An open API service indexing awesome lists of open source software.

https://github.com/nosoop/moonarchive

YouTube livestream downloader.
https://github.com/nosoop/moonarchive

Last synced: 5 months ago
JSON representation

YouTube livestream downloader.

Awesome Lists containing this project

README

          

# moonarchive

A Python module and tool to download ongoing YouTube streams in its entirety.

Shout outs to [`ytarchive`][] and [`yt-dlp`][] for their efforts in the space. They get all the
credit for documenting the download process; I'm only working to improve parts of that.

Also to [glubsy/livestream_saver][], though I saw that long after the above.

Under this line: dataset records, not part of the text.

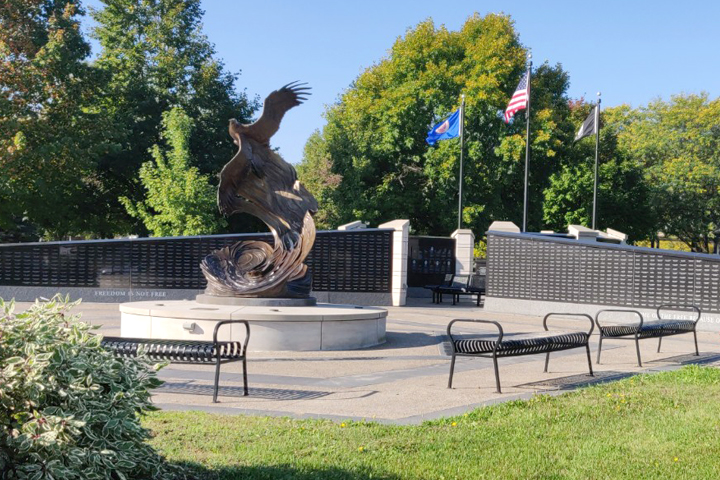 A large sculputure featuring a flying eagle is the centerpiece of a memorial with two converging walls of names beneath three flag poles: American flag, Minnesota flag, POW/MIA flag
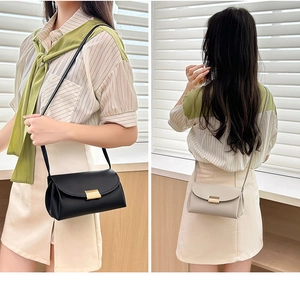 Detail of minimalist crossbody bag with textured faux leather and gold metal lock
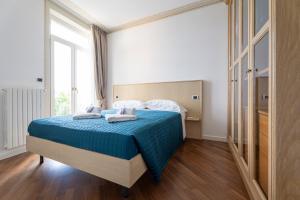 a bedroom with a bed with blue sheets and a window at Aa Apartments La Gioconda in Salò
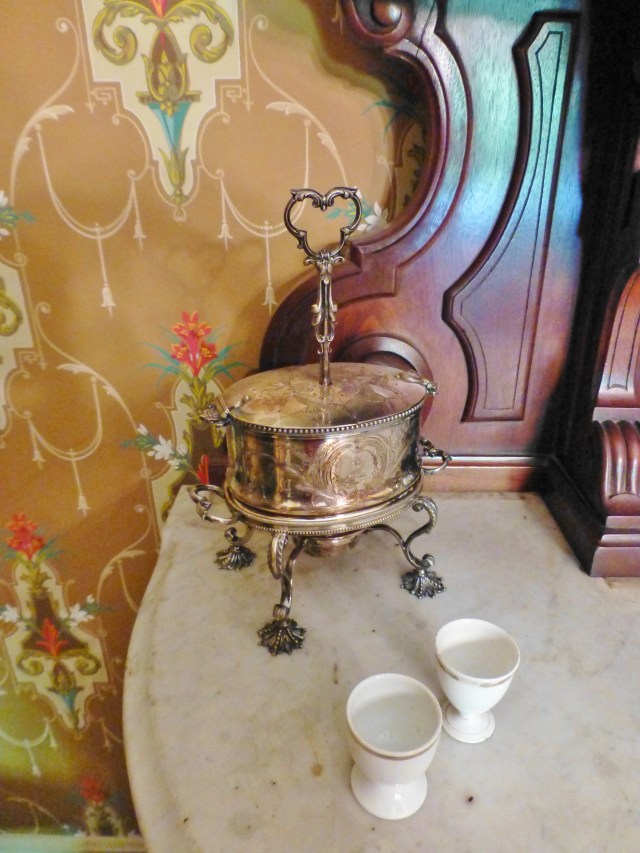 This silver egg warmer is one of my favorite things in the dining room. I just love different and unusual Victorian serving pieces. Those Victorians were so clever about this sort of thing!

(If I knew Go or was comfortable parsing out yt-dlp's live-from-start logic, I'd be contributing
changes to those projects instead.)

> [!WARNING]
>
> You should probably not use this tool as your only solution for downloading livestreams
> unsupervised; the author recommends running one of the other projects listed above in parallel
> or at least actively watching the progress to ensure that the tool is behaving correctly.

> [!NOTE]
>
> The module API design is currently in flux. Unless you want to keep up with changes, maybe
> don't import the module and call the downloading logic yourself for now. The command-line
> frontend probably won't change too much in comparison, but do review the help text after
> upgrading.

[`ytarchive`]: https://github.com/Kethsar/ytarchive
[`yt-dlp`]: https://github.com/yt-dlp/yt-dlp
[glubsy/livestream_saver]: https://github.com/glubsy/livestream_saver

## Installation

> [!WARNING]
> To minimize the risk of your connection being flagged, see the section on
> [Proof-of-origin downloads](#proof-of-origin-downloads).

(Looking for a graphical interface to manage things? Check out [moombox][].)

[moombox]: https://github.com/nosoop/moombox

### Dependencies

- `moonarchive` is tested against Python 3.11. The installation will bring in a number of other
third-party packages.
- [ffmpeg][] is required for creating the final file. This is not installed automatically.
On Windows, you can use `winget install ffmpeg`; for other platforms refer to your package
manager.

[ffmpeg]: https://ffmpeg.org/download.html

### via pip

If you're comfortable with Python, it's probably a good idea to install this in a virtual
environment so the libraries are isolated from the rest of the system.

If you're not, consider [installing via uv](#via-uv) instead.

1. `pip install "moonarchive[keepawake,cookies] @ git+https://github.com/nosoop/moonarchive"`
- `keepawake` and `cookies` are optional extras. See the [Extras](#extras) section below
for further details on each.
2. At minimum, `moonarchive ${URL}` on an upcoming or currently live stream to download;
`moonarchive --help` to view all possible options.

For development:

1. Use `[keepawake,cookies,dev]` with the `pip` command above to install all packages, including
those for development.
2. Install [`just`](https://github.com/casey/just).
3. Make your changes. Prior to committing, run `just test` and `just format`.

### via uv

[`uv`][] is an alternative package manager for Python. The benefit of using `uv` is that it'll
manage installing Python as needed and isolating the library dependencies for you.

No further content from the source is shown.